Our Demon Brother
here is no greater dread that being dragged to a show because a friend of yours turns out to know one of the band members. How often does that sort of thing turn out well? I would never have seen Toronto outfit Hotel play if not for the fact that, in addition to drummer Pete being a friend-of-a-friend, they were opening for Elefant (whom I wanted to see anyway).
Lucky for me, it turns out. At this point, I’m as used as anyone who writes about music is at skillfully deflecting away records and demos from crap local bands whose guitarist’s brother knows a friend of a relative etc etc etc; the fact that I got a review copy of Hotel’s new mini-album Our Demon Brother from Pete after the show has less to do with any connection to the band and more to do with how good their set (to a half-empty Lee’s Palace, no less) was. The quintet, playing to a few fans and a bunch of people who had mostly never heard of them, locked down and played an explosive set of menacing, layered rock, whether surging forward on the almost motorik ‘Pink Crack’ or adopting a more stately pace on ‘One More Night In Hundred’.
The album is (shock, horror) not quite as good as the show was; the culprit is mostly Jordan Zadorozny’s production, erring a bit too much towards a smooth shiny surface and in the process minimizing the band’s prodigious rhythm section and guitar interplay. But where the songs here pulse smoothly instead of roaring to life, they’re still pretty damn good songs; it’s not surprising Hotel find themselves opening for bands like Elefant and Interpol, although darkly majestic rockers like ‘Collect Yourself’ and ‘Striped’ owe less to angular post-punk and more to the Cure and Echo and the Bunnymen, in mood if nothing else.

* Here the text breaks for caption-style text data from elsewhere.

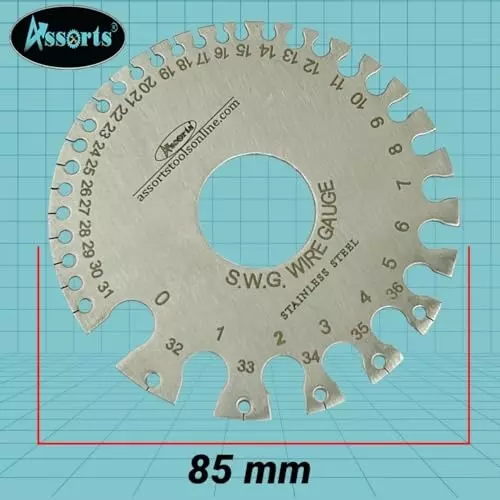 Assorts Linear Scale & Round Wire Gauge Set Stainless Steel 0-36 Gauge 0.0254 to 10.16 mm Size (Pack of 2)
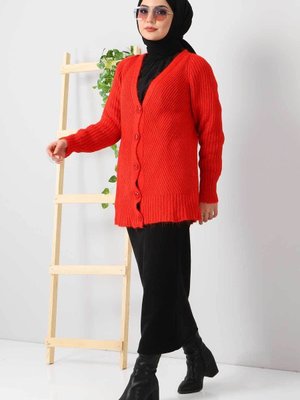 Düğmeli Triko Hırka Kırmızı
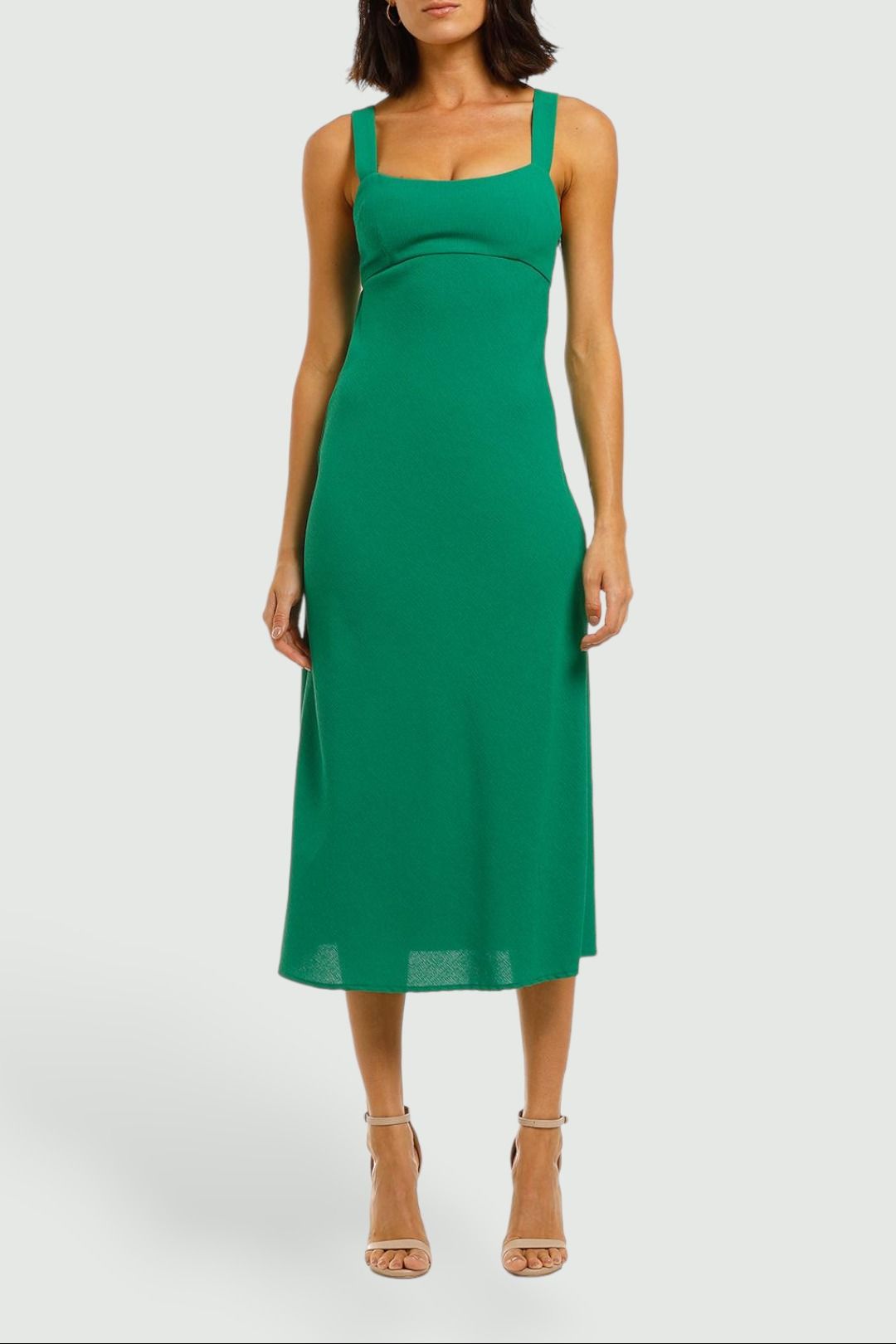Tayla Bias Midi Dress in Jungle Green from By Johnny for Hire | GlamCorner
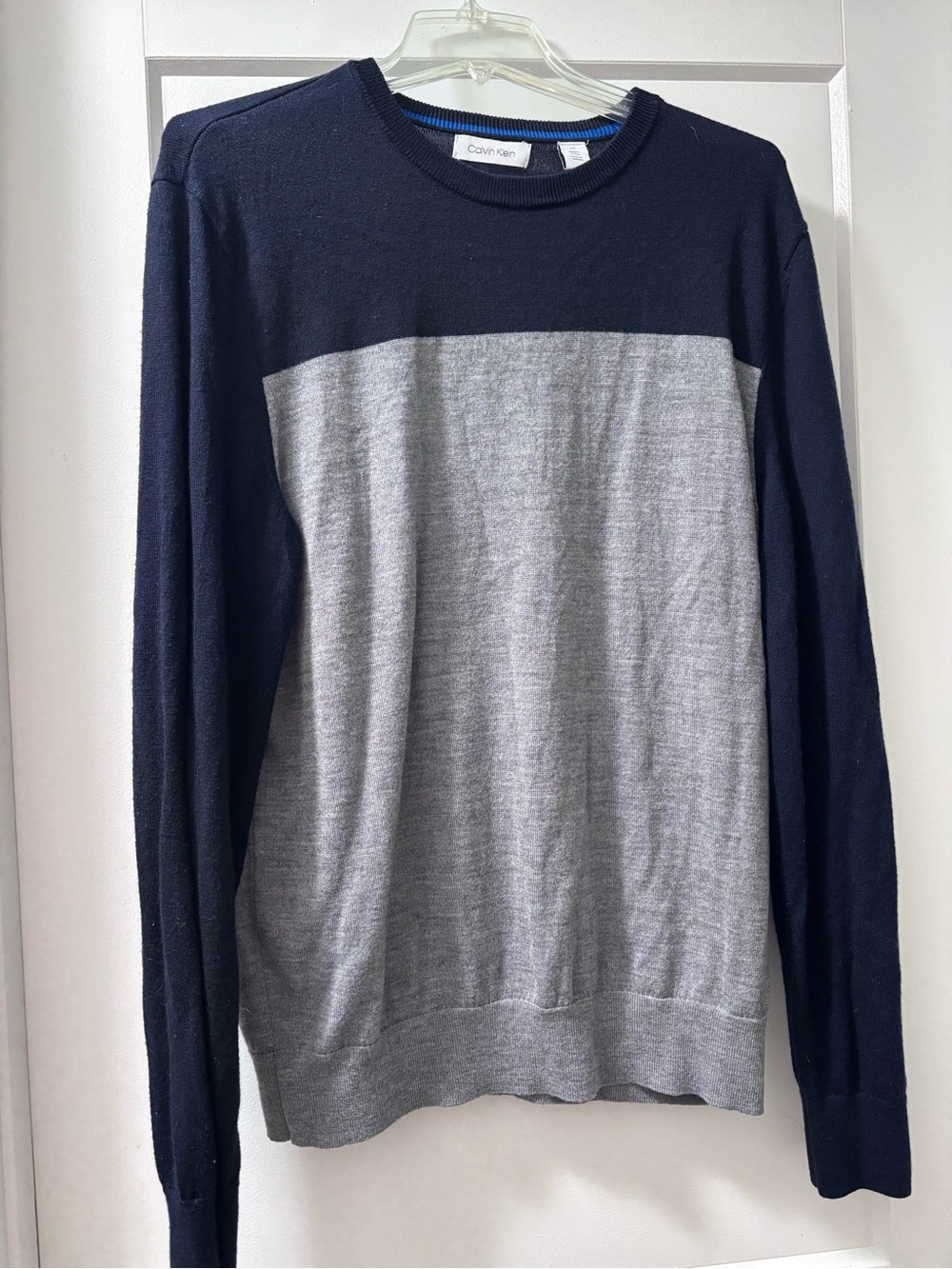 Calvin Klein Men’s Navy and Light Gray Block Crewneck Sweater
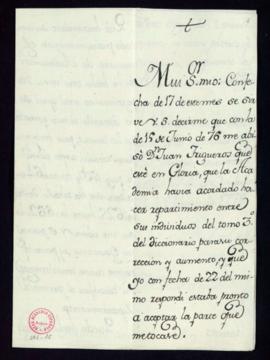 Carta del conde de la Roca a Manuel de Lardizábal y Uribe en la que acusa recibo del nuevo repart...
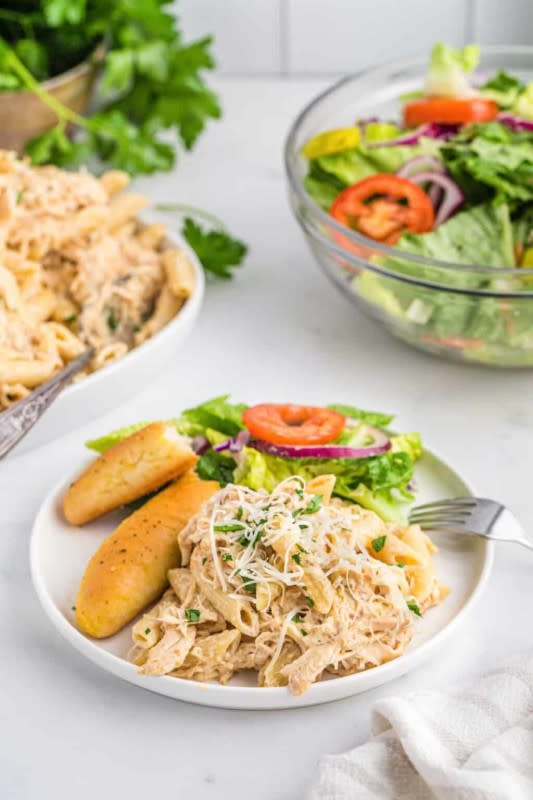 <p>Little Sunny Kitchen</p><p>Leave it to TikTok to give us an amazing copycat recipe that is made so easily in a slow cooker.</p><p><strong>Get the recipe: <a href="https://littlesunnykitchen.com/olive-garden-chicken-pasta" rel="nofollow noopener" target="_blank" data-ylk="slk:Olive Garden Chicken Pasta;elm:context_link;itc:0;sec:content-canvas" class="link ">Olive Garden Chicken Pasta</a></strong></p>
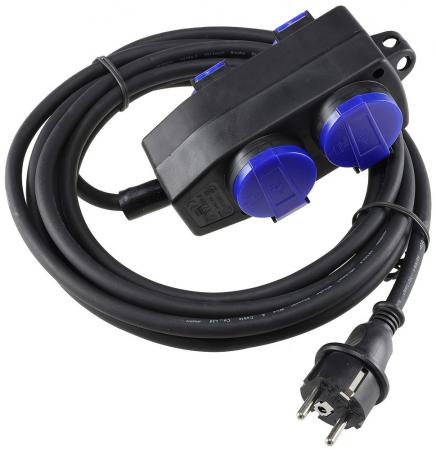 ChiliTec Werkstatt-Steckdose, 4-fach, 5m Kabel IP44, mit Aufhänger, H07RN-F 3G1,5mm²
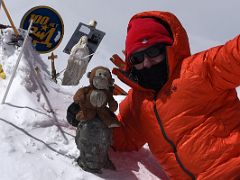 14B Jerome Ryan, Dangles and the bust of Lenin close up on the Lenin Peak summit 7134m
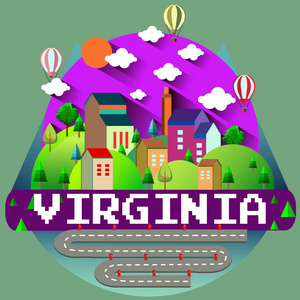 彩色矢量插图与城市建筑，道路，树木，山脉，云，文本弗吉尼亚。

Put simply, Hotel have an ear for a tune that few bands working in comparable fields do these days. They’re plowing their own furrow of nocturnal epics that put them in good company, but crucially elevates them out of the mass of bands just following up on the leading lights of the eighties rock revival. Hotel’s version of an update of that sound is less fashionable than others’ (i.e. early U2 is another reference you could make), but the last band I know of to make a record of unabashedly widescreen rock work so well was Whipping Boy, and that was in 1995.
So Hotel have the songs, the chops and the sound, what they need now is more exposure and a producer more sympathetic to the ferocity of their live show. If they get all that, they’ll have more than just a cult following. In fact, they could be contenders.